Kepala kamar ialah sebutan bagi penguasa sel. Yang didapuk menjadi kepala kamar biasanya paling ditakuti atau paling senior di antara napi lainnya.
Setelah Hery bersimbah darah, pengeroyokan itu baru berhenti. Hery pun melenggang ke klinik lapas. Melihat luka-luka ekstrem pada sekujur tubuh Hery, dokter klinik kemudian melapor ke petugas lapas.
Oleh sipir, Hery lantas diinterogasi. Hery tak menutup-nutupi peristiwa yang ia alami. Tak lama setelah penyelidikan tuntas, para pengeroyok Hery pun dihukum. "Habis itu, mereka masuk ke selti (sel tikus). Kalau tidak salah itu ada sekitar sebelas orang,” tutur Hery.

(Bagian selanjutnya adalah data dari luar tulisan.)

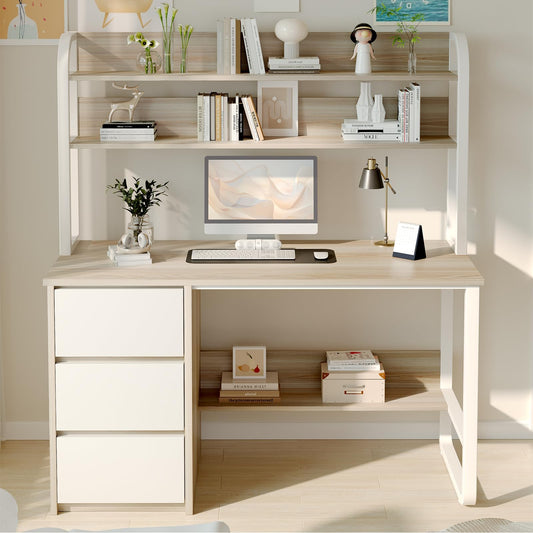 MaverickFurni Computer Desk with Hutch, 47 Inch Small Desk with 3 Drawers for Bedroom, Study Writing Desk with Shelves for Small Spaces, Adjustable Feet, White and Walnut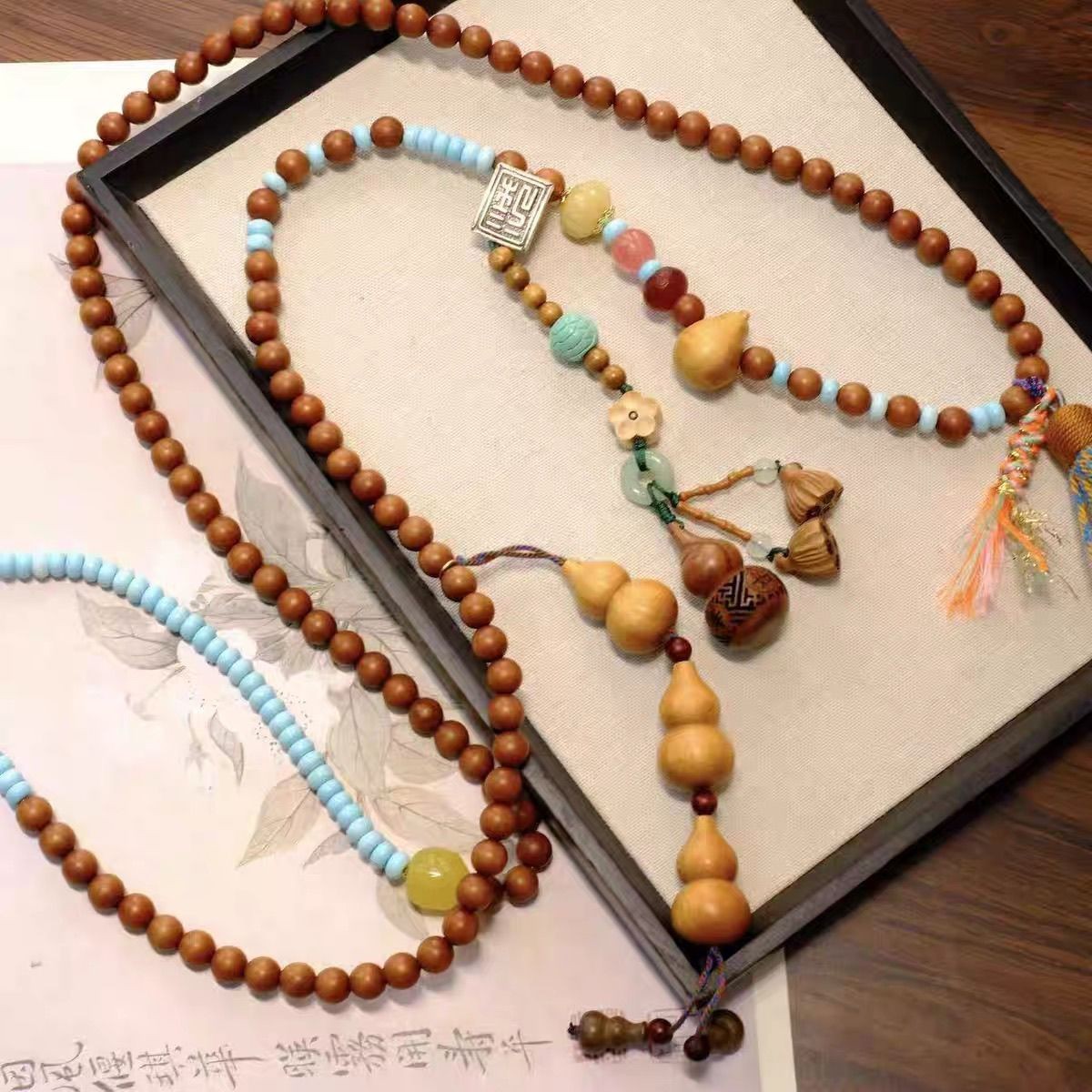 Chinese Style Sandalwood Beaded Crossbody Bag Strap Phone Lanyard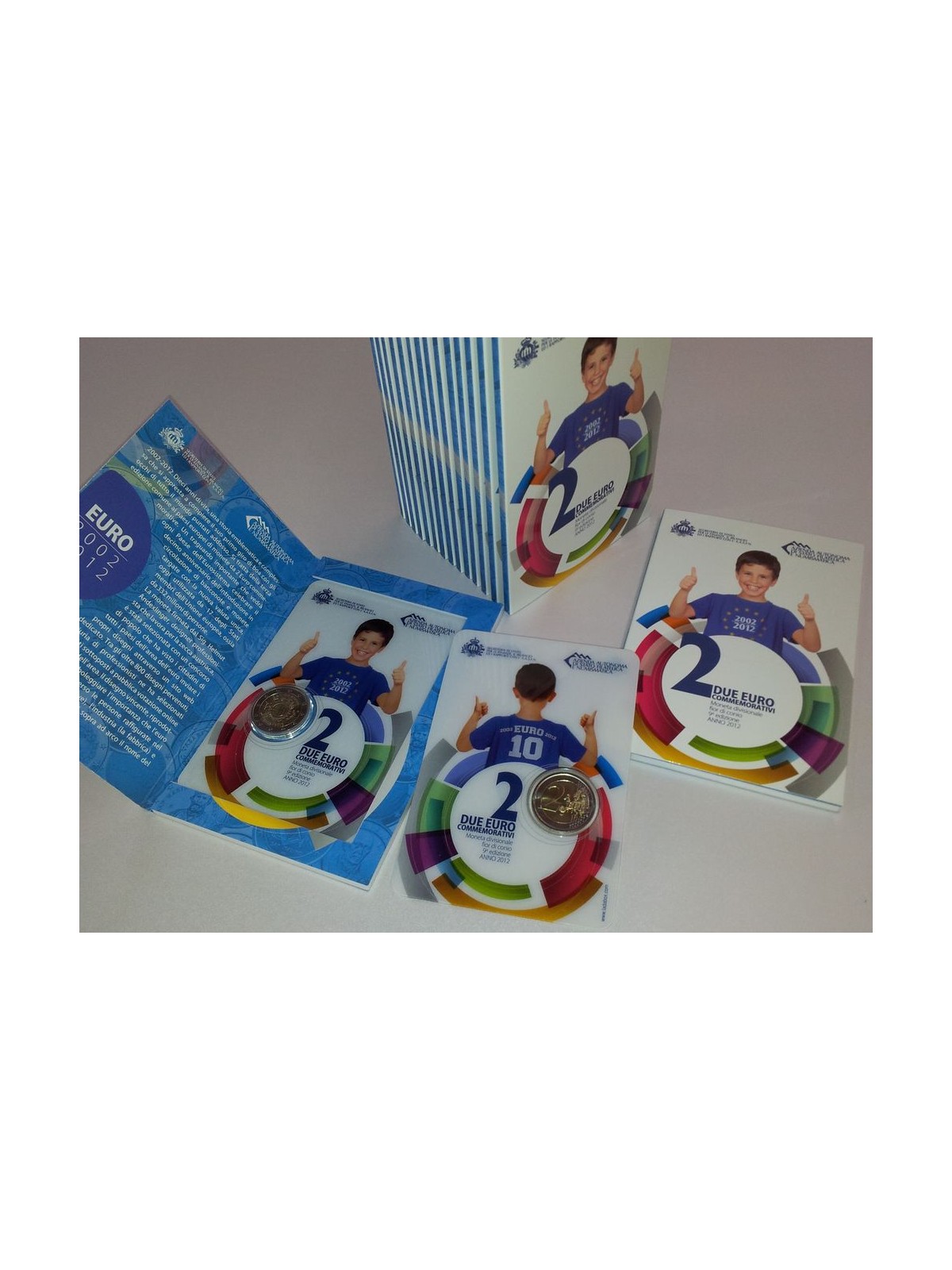 SAN MARINO 2012 Anniversario dell’introduzione dell’euro, 2 euro commemorativi FDC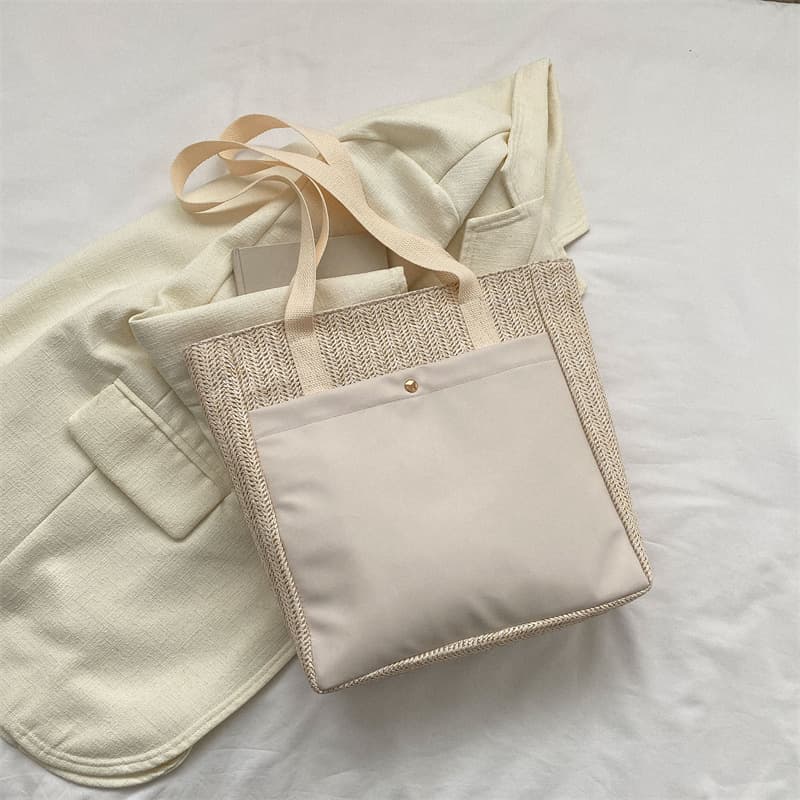 Bolsa tote de gran capacidad con diseño casual y retro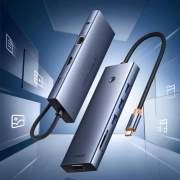هاب USB-C ده پورت بیسوس مدل UltraJoy- خاکستری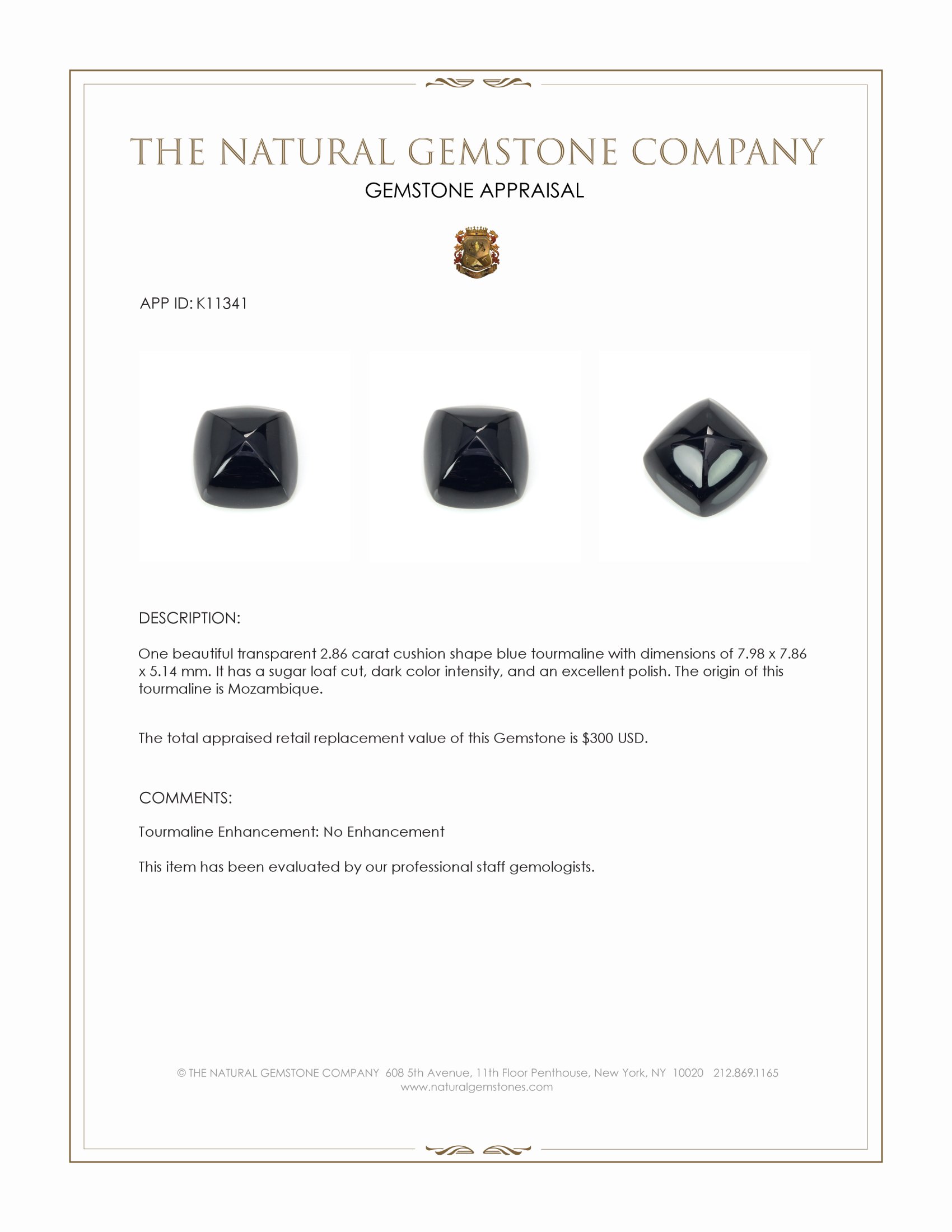 2.86 Ct. Cabochon Tourmaline from Mozambique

Selti merupakan istilah populer di lapas untuk menyebut ruang tahanan super kecil. Ukuran selti di setiap lapas, kata Hery, berbeda-beda. Luas sel khusus untuk menghukum narapidana “bandel” itu lazimnya setara ukuran tubuh orang dewasa.
Kericuhan dan kerusuhan di lapas, menurut Hery, rutin terjadi. Tak hanya antar napi, pertikaian juga kerap melibatkan warga binaan dan para sipir. Saat mendekam Lapas Pondok Rajeg Cibinong, Bogor, Jawa Barat pada pertengahan 2014, Hery pernah menyaksikan kericuhan semacam itu.
Ketika itu, Hery menuturkan, ia terbangun karena mendengar suara gaduh. Ia pun bergegas mencari sumber keributan itu. Di salah satu sel, ia menemukan napi kasus terorisme tengah beradu mulu dengan para sipir.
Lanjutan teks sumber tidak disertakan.